■ **SUPPLIED MATERIAL**:
•••

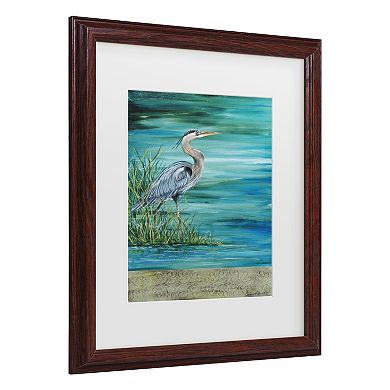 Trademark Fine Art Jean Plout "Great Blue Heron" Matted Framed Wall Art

•••

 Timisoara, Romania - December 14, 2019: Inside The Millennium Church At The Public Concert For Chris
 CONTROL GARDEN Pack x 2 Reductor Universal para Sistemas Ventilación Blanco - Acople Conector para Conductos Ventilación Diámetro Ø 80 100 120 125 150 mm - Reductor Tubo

•••

From the data above, output exactly the lines between the one containing "Timisoara, Romania - December" and the one containing "CONTROL GARDEN Pack", counting both of them.

■ **TASK RESPONSE**:
 Timisoara, Romania - December 14, 2019: Inside The Millennium Church At The Public Concert For Chris
 CONTROL GARDEN Pack x 2 Reductor Universal para Sistemas Ventilación Blanco - Acople Conector para Conductos Ventilación Diámetro Ø 80 100 120 125 150 mm - Reductor Tubo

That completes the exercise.